Criar como nuestras abuelas trabajando como nuestras madres
Es curiosa y tierna la manera en que cada quinta consigue solucionar algunos problemas, pero estos acaban dando lugar a otros distintos para la siguiente
Tengo dos críos, uno de cinco meses y otro de año y medio, y los dos toman teta. Los he amamantado en bares, plazas o trenes, y nunca he tenido una mala experiencia, sino que incluso se me han acercado para animarme. Siempre han sido ancianas y siempre han acabado contándome que los suyos estuvieron amorraos hasta los no sé cuántos.
También he vivido lo contrario, amigos, familiares y conocidos a los que les parece que no está bonito que un crío que sabe contar hasta 10, que canta La vaca Lola y construye frases con sujeto, verbo y predicado, mame. En la indignación por la lactancia que se prolonga más de lo que al indignado le parece oportuno, suele haber también un patrón de edad: los agraviados casi siempre son boomers. Muchos van por la decimoquinta vacuna de refuerzo, pero cuando les cuentas que la OMS recomienda lactancia exclusiva hasta los seis meses y no destetar a los críos hasta los dos años, te ponen gesto airado. Son negacionistas de la teta.
Cuando identifiqué este patrón, empecé a preguntarme qué trauma tendrían con los senos, ellos que de vez en cuando aún rememoran a Sabrina y su tetazo televisivo. Tratando de desentrañar los motivos, me di cuenta de que esa manía seguramente tenga que ver con asimilar la liberación femenina a los valores tradicionalmente masculinos, con pensar que la producción es superior a los cuidados y que estos son una rémora. También caí en que es una ojeriza normal, como es natural que sean las ancianas quienes celebran la lactancia prolongada: todos tendemos a pensar que lo mejor para los niños es lo que nosotros hacemos o hicimos con los nuestros.

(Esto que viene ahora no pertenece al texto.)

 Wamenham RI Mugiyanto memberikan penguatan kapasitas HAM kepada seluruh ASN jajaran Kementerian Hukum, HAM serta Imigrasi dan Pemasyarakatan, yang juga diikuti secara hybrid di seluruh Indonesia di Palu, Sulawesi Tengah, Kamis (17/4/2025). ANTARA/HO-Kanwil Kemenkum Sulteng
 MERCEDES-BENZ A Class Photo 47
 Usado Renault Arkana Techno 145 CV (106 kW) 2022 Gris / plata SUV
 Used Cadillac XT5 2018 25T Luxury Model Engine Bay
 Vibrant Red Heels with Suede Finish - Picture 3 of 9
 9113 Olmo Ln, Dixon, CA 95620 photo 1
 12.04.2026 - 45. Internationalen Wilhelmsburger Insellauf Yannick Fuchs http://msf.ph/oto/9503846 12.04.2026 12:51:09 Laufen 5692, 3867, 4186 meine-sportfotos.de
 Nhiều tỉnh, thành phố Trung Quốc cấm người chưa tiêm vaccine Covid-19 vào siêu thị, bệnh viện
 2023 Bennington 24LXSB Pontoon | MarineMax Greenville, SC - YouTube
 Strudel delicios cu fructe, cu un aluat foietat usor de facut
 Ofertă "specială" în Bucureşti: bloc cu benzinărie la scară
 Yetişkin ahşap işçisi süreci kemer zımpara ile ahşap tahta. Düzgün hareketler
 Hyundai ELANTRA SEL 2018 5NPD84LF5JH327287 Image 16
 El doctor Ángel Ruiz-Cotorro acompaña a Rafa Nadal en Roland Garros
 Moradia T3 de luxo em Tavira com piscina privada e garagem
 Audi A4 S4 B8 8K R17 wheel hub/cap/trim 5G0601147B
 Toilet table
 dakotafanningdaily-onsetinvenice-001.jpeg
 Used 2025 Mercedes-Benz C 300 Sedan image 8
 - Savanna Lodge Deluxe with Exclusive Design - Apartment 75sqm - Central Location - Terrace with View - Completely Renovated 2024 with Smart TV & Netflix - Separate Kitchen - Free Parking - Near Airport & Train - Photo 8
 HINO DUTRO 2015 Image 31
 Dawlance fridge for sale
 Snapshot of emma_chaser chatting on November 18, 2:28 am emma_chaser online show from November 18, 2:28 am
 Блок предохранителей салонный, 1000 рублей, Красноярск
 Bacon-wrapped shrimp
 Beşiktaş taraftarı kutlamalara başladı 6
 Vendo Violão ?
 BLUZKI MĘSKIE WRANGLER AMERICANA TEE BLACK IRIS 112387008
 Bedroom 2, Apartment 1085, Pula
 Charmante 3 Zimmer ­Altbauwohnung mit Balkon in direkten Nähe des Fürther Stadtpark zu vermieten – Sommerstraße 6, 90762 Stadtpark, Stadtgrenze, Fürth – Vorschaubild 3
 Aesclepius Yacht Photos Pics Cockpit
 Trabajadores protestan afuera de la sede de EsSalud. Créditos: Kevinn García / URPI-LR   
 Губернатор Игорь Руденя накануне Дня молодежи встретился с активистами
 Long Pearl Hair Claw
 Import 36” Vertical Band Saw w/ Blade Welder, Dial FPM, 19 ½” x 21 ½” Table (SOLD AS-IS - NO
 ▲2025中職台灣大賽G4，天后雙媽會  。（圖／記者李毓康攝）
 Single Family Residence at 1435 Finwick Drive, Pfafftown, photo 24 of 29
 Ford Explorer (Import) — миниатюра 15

Las que fueron madres en los cincuenta y sesenta alimentaron a sus críos con leche materna durante mucho tiempo porque no había otra. Y los boomers nos atiborraron a biberones y papillas en los ochenta y noventa porque tampoco había otra; muchas mujeres empezaron a trabajar fuera de casa, así que no lo tuvieron fácil para amamantar. Además, empezó a cundir el modelo de crianza adultocéntrico, basado en la premisa de que los niños deben acoplarse a las necesidades de los adultos independientemente de las suyas propias. Fueron padres oyendo que los críos se embracilaban si los cogías, que tenían que mamar cada tres horas y que había un método para que durmieran solos que consistía en encerrarlos en su habitación y dejarlos llorar.
Y como a veces el progreso se parece más a un péndulo que a una flecha, a los que somos padres ahora nos recomiendan lo contrario: dormir con nuestros hijos y amamantarlos hasta que se matriculen en la universidad, no darles papillas, potitos ni leches de fórmula si no es estrictamente necesario, evitar la guardería siempre que sea posible.
Decía la cineasta Carla Simón que a las madres de ahora se nos anima a criar como nuestras abuelas pero trabajando como nuestras madres, y que eso es imposible. La maternidad nunca ha estado exenta de contratiempos, renuncias y cargos de conciencia, pero como sucede en otros ámbitos de la existencia, cada generación tiene los suyos. Y es curiosa y tierna la manera en que, intentando dejar el mundo mejor para los que vienen, cada quinta consigue solucionar algunos problemas, pero estos acaban dando lugar a otros distintos para la siguiente.